:: Material supplied ::
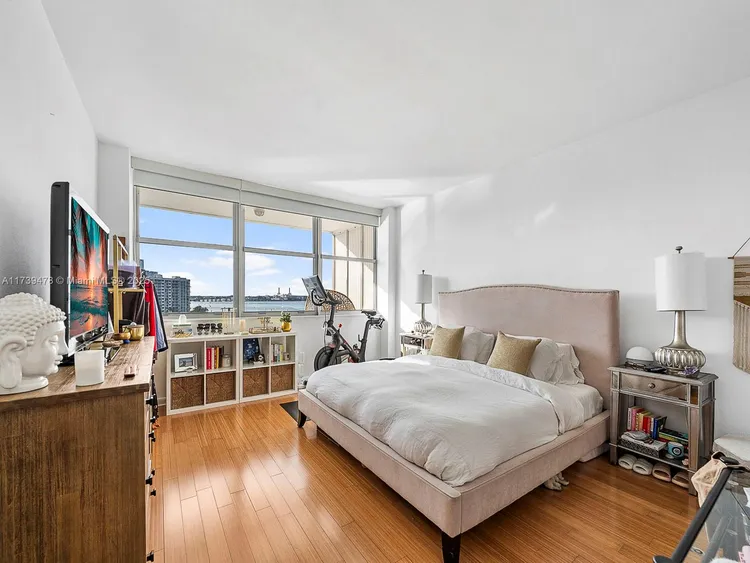 Belle Plaza #910 image #11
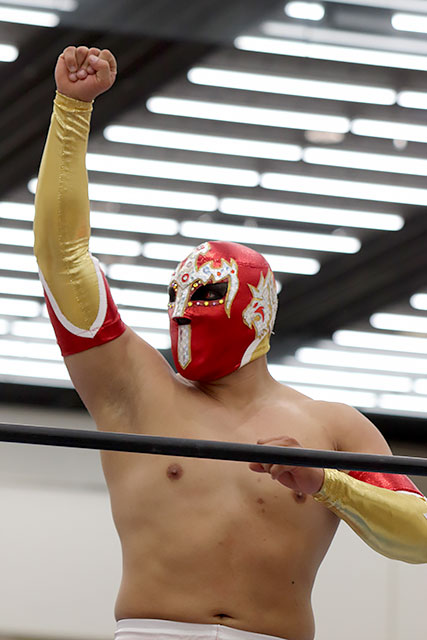 chika_dahlia's tweet photo. 2026/2/22
NJPW PRESENTS CMLL FANTASTICA MANIA 2026
ATCホール
第6試合【『FANTASTICA MANIA 2026』タッグトーナメント準決勝戦】
マスカラ・ドラダ、ミスティコ vs バリエンテ・ジュニア、フトゥーロ③
#MascaraDorada
#ValienteJr #Futuro
#FM2026 #njcmll #FantasticaMania2026 https://t.co/yaRcOwniUM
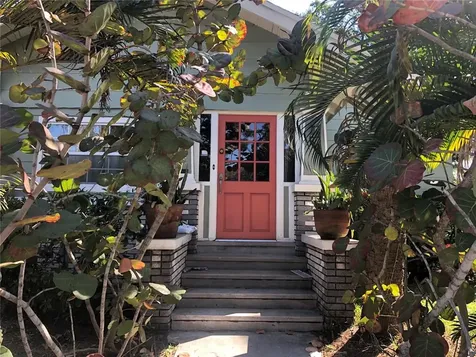 1112 22nd Avenue N St Petersburg FL 33704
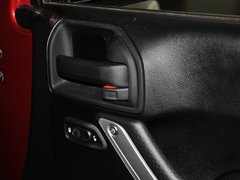2013款 3.6L 罗宾汉四门版 4座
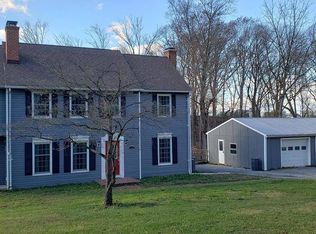 1122 Slingluff Rd, New Windsor, MD 21776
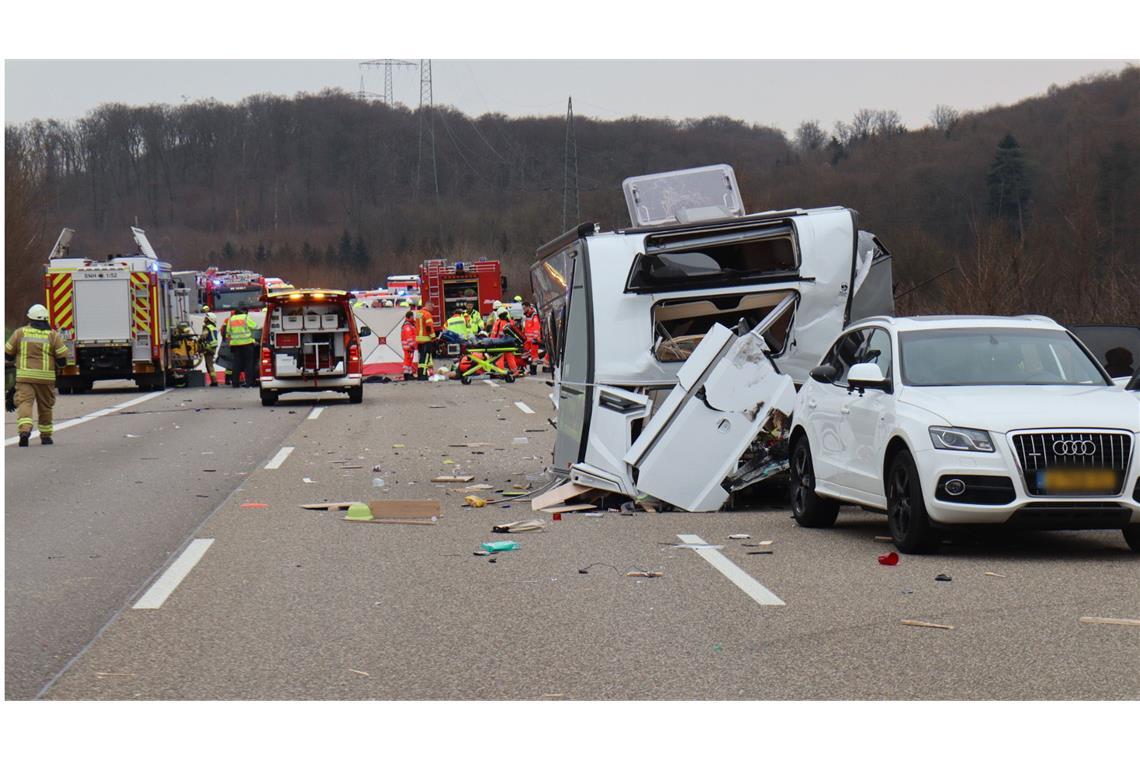 Bei dem Unfall wurden mehrere Menschen schwer verletzt.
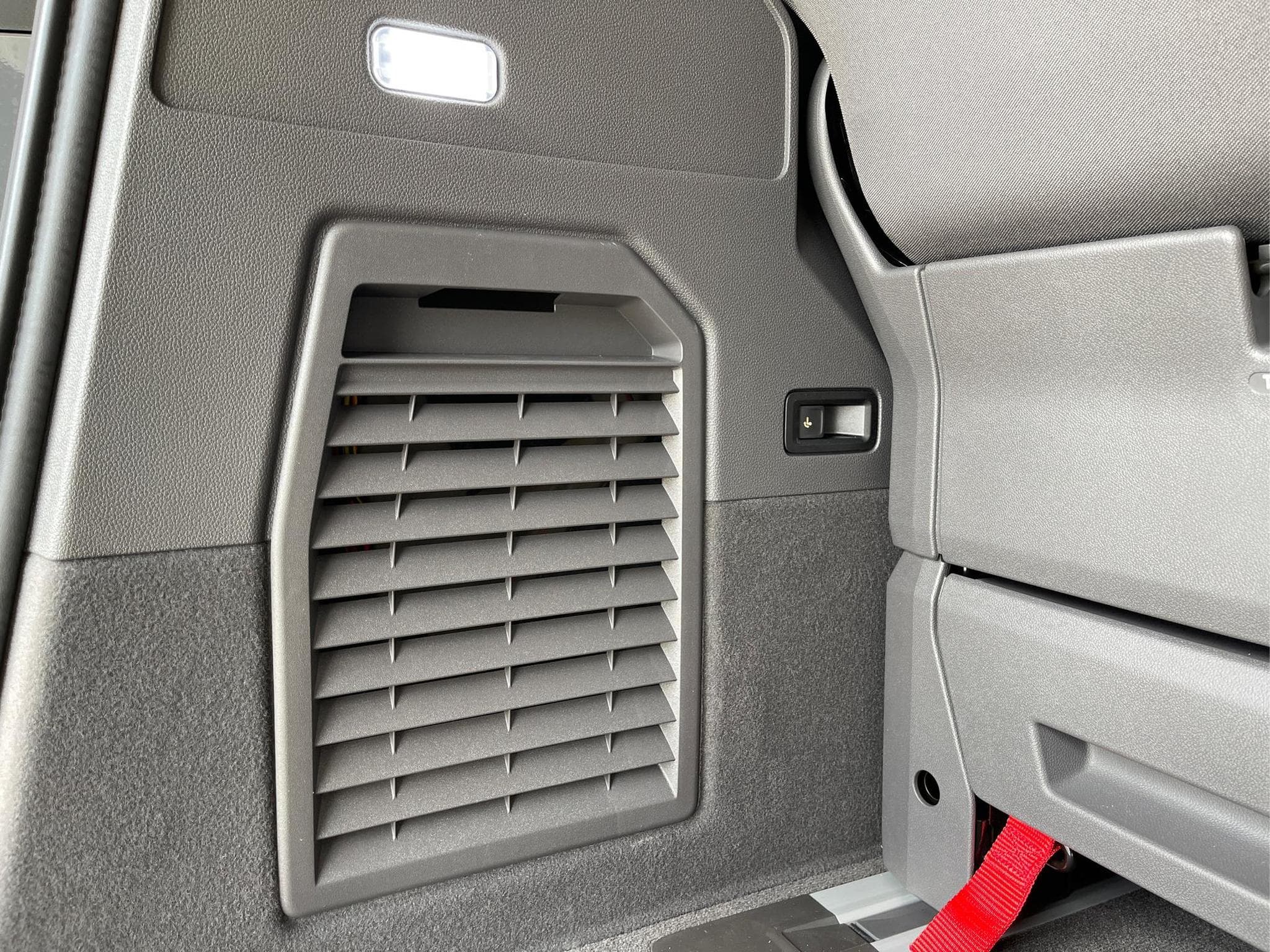 VW T7 Business (2025) - Photo 21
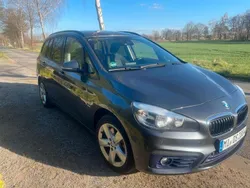 Grau Gebraucht 2015 BMW 220 Gran Tourer Sport Line Van / Kleinbus | 13.600 € (Fairer Preis)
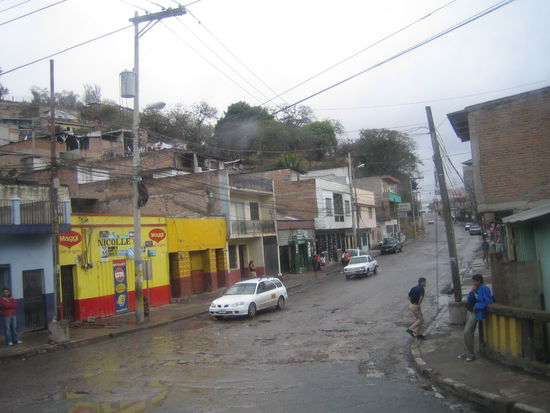 In dieser "schoenen" Gegend war der Busbahnhof und auch unser Hotel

:: Task item ::
From the line containing "#FM2026 #njcmll #FantasticaMania2026" down to the last line of the entries above, retype each line exactly as it stands, but skip the pictures.

:: Answer box ::
#FM2026 #njcmll #FantasticaMania2026 https://t.co/yaRcOwniUM
 1112 22nd Avenue N St Petersburg FL 33704
2013款 3.6L 罗宾汉四门版 4座
 1122 Slingluff Rd, New Windsor, MD 21776
 Bei dem Unfall wurden mehrere Menschen schwer verletzt.
 VW T7 Business (2025) - Photo 21
 Grau Gebraucht 2015 BMW 220 Gran Tourer Sport Line Van / Kleinbus | 13.600 € (Fairer Preis)
 In dieser "schoenen" Gegend war der Busbahnhof und auch unser Hotel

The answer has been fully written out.